Connected companies and charities
Connected companies and charities can also use the scheme if their total combined number of PAYE employees was fewer than 250 on 28 February 2020.
Using an agent to do PAYE online
If you use an agent who is authorised to do PAYE online for you, they will be able to claim on your behalf. You should speak to your agent about whether they are providing this service.
If you would like to use an agent, but do not have one authorised to do PAYE online for you, you can do that by accessing your HMRC online services and selecting ‘manage account’. You must be enrolled in PAYE online for employers to do this and will need to ask your agent for their agent ID. Your agent can get this from their HMRC online service for agents by selecting ‘authorise client.’
You can also use this service to remove authorisation from your agent if you do not want it to continue after they have submitted your claims.
If an agent makes a claim on your behalf, you will need to tell them which bank account you would like the grant to be paid into. You must only provide bank details where a BACS payment can be accepted.
What you can claim
The repayment will cover up to 2 weeks SSP starting from the first qualifying day of sickness, if an employee is unable to work because they:
- Have coronavirus symptoms.
- Are self-isolating because someone they live with has symptoms.
- Are self-isolating because they’ve been notified by the NHS or public health bodies that they’ve come into contact with someone with coronavirus.
- Have been advised by letter to shield because they’re clinically extremely vulnerable and at very high risk of severe illness from coronavirus.
- Have been notified by the NHS to self-isolate before surgery for up to 14 days.
You can make more than one claim per employee, but you cannot claim for more than 2 weeks in total.
You can claim from the first qualifying day your employee is off work if the period of sickness started on or after:
- 13 March 2020 – if your employee had coronavirus or the symptoms or is self-isolating because someone they live with has symptoms.
- 16 April 2020 – if your employee was shielding because of coronavirus.
- 28 May 2020 – if your employee has been notified by the NHS or public health bodies that they’ve come into contact with someone with coronavirus.
- 26 August 2020 – if your employee has been notified by the NHS to self-isolate before surgery.
- Most people are asked to self-isolate for 3 days before surgery.
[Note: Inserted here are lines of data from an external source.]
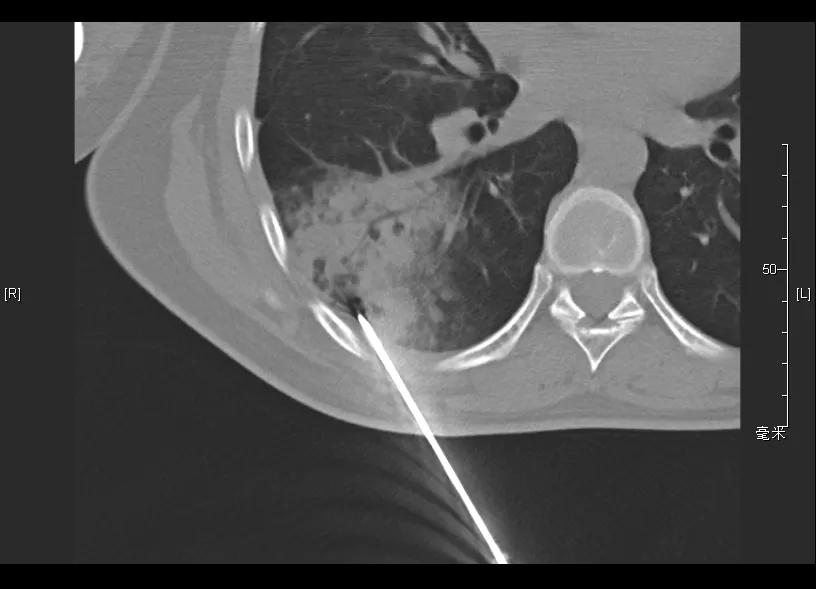 特发性肺炎一直用激素治疗,机化性肺炎住院治疗使用什么药物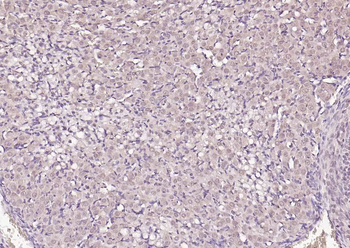 HSF1 Rabbit Polyclonal Antibody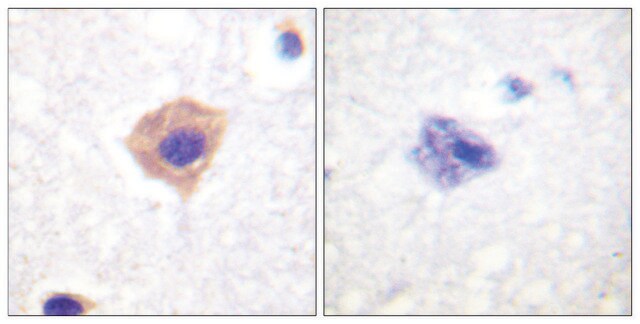 Anti-Catalase antibody produced in rabbit affinity isolated antibody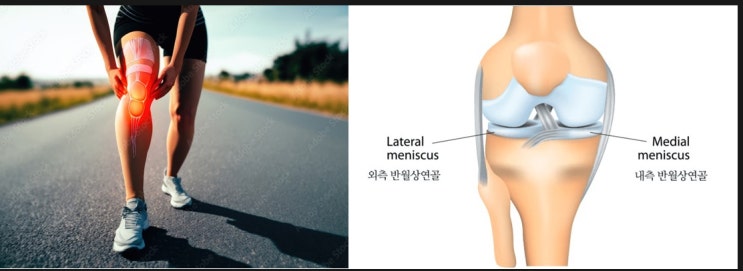  [수색 신경외과] 무릎 통증, 반월상 연골판 파열에 대해 알아보겠습니다.
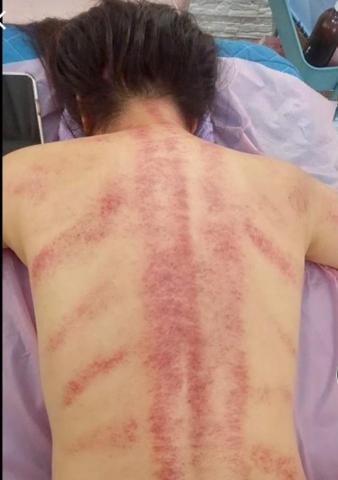 黃莉樺 - 美療師真心提醒給顧客的話:

當我們的身體受到疲勞和壓力的影響時，經絡按摩可以

幫助我們恢復能量和活力。肩膀僵硬、頭痛、失眠 

不適症狀.都可以透過經絡按摩可以得到緩解.讓身體

得到充分的休息和修復. 當身體充滿活力與能量皮膚跟

體態才能展現更好的狀態，讓我們外表美麗和內在健康

做出完美地結合。  {顧客享受油壓刮痧後作品}

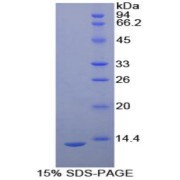 SDS-PAGE analysis of recombinant Human uPAR Protein.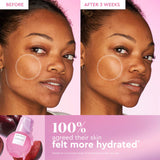 Plum Plump Deep Hydration Skincare Gift Set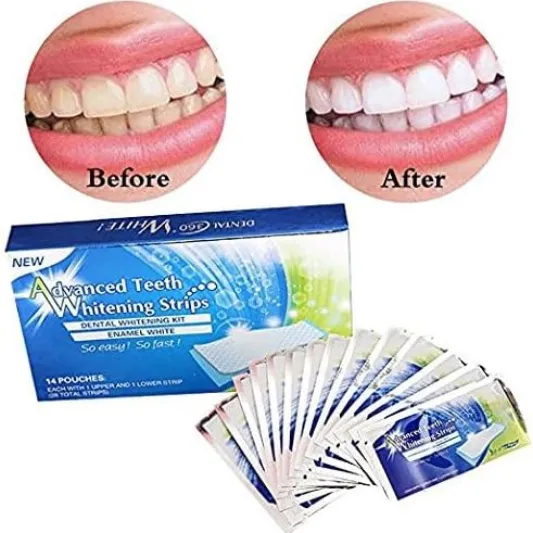 Kav Plus Teeth Whitening Strips Review 5 kav plus teeth whitening strips review2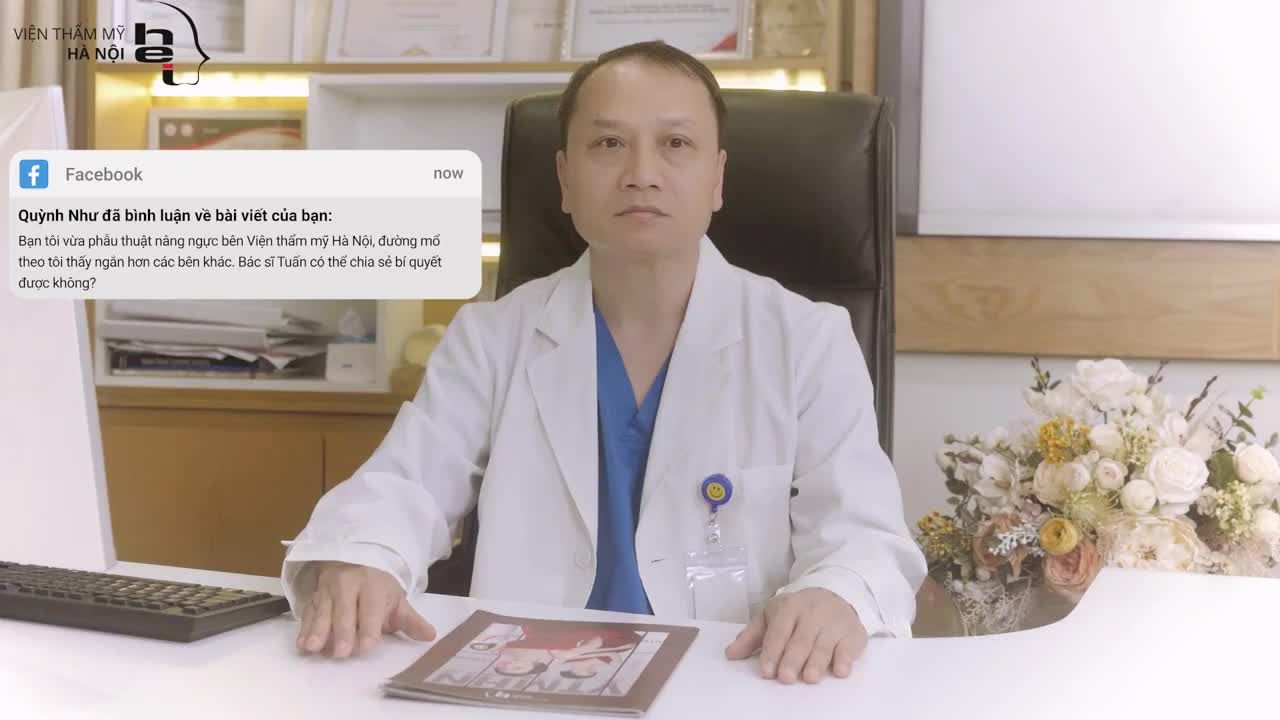 Tại sao nâng ngực tại viện thẩm mỹ Hà Nội đường m.ổ lại rất ngắn và vô cùng mảnh nhỏ?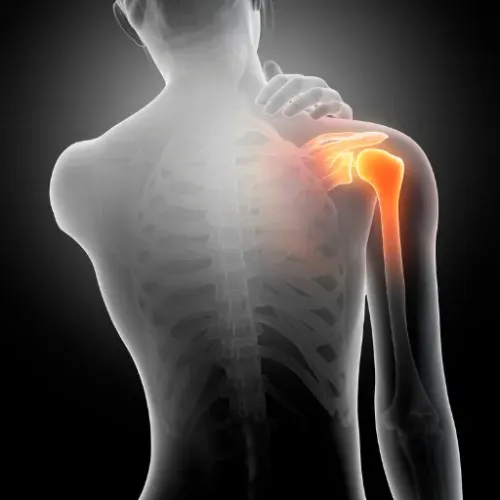 Labral Repair Treatment service image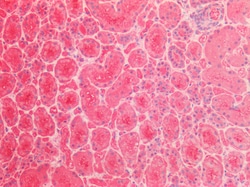 Invitrogen LDHB Polyclonal Antibody 100 &mu;g | Buy Online | Invitrogen&trade; | Fisher Scientific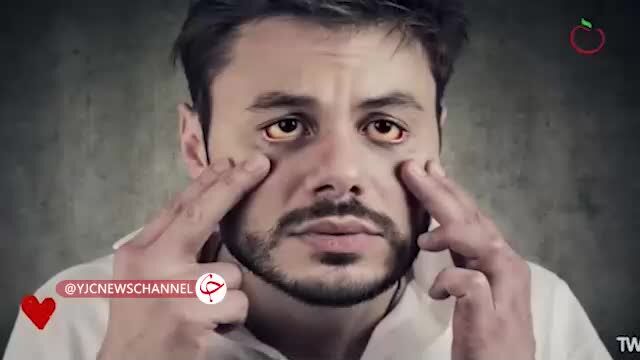 ببینید | انواع سر درد را بشناسید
In this case, the day of surgery will be the 4th day of their period of incapacity for work. You cannot claim repayment of SSP for the day of surgery or any other days when the absence is not due to coronavirus.
A ‘qualifying day’ is a day an employee usually works on. The weekly rate was £95.85 before 6 April 2021 and is now £96.35. If you’re an employer who pays more than the weekly rate of SSP you can only claim up to the weekly rate paid.
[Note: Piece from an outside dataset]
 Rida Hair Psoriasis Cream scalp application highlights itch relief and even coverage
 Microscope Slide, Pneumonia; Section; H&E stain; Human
If an employee has returned to the UK
From 8 June 2020, some people entering or returning to the UK will be required to quarantine for 14 days. If an employee is unable to work during this period, they will not qualify for SSP unless they also meet one of the above criteria.
Records you must keep
You must keep records of SSP that you’ve paid and want to claim back from HMRC.
You must keep the following records for 3 years after the date you receive the payment for your claim:
- The dates the employee was off sick.
- Which of those dates were qualifying days.
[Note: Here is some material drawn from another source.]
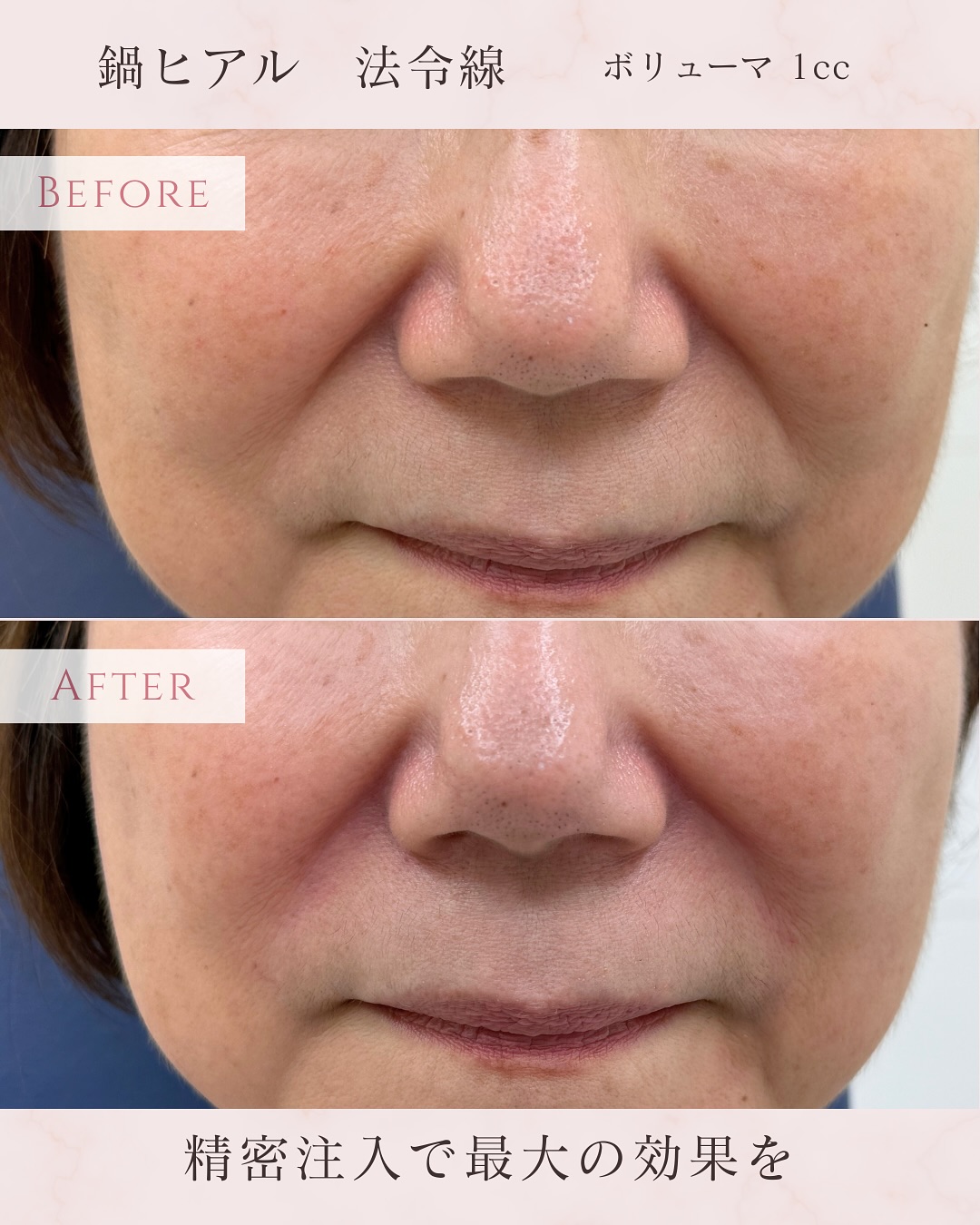 ヒアルロン酸注入 法令線へボリューマ1ccの画像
- The reason they said they were off work – if they had symptoms, someone they lived with had symptoms or they were shielding.
- The employee’s National Insurance number.
You can choose how you keep records of your employees’ sickness absence. HMRC may need to see these records if there’s a dispute over payment of SSP.
You’ll need to print or save your state aid declaration (from your claim summary) and keep this until 31 December 2024.
How to claim?
You must have paid your employees’ sick pay before you claim it back.
If you use an agent who is authorised to do PAYE online for you, they will be able to claim on your behalf.
Employers who are unable to claim online should have received a letter on an alternative way to claim. Contact HMRC if you have not received a letter and are unable to make any eligible claims online.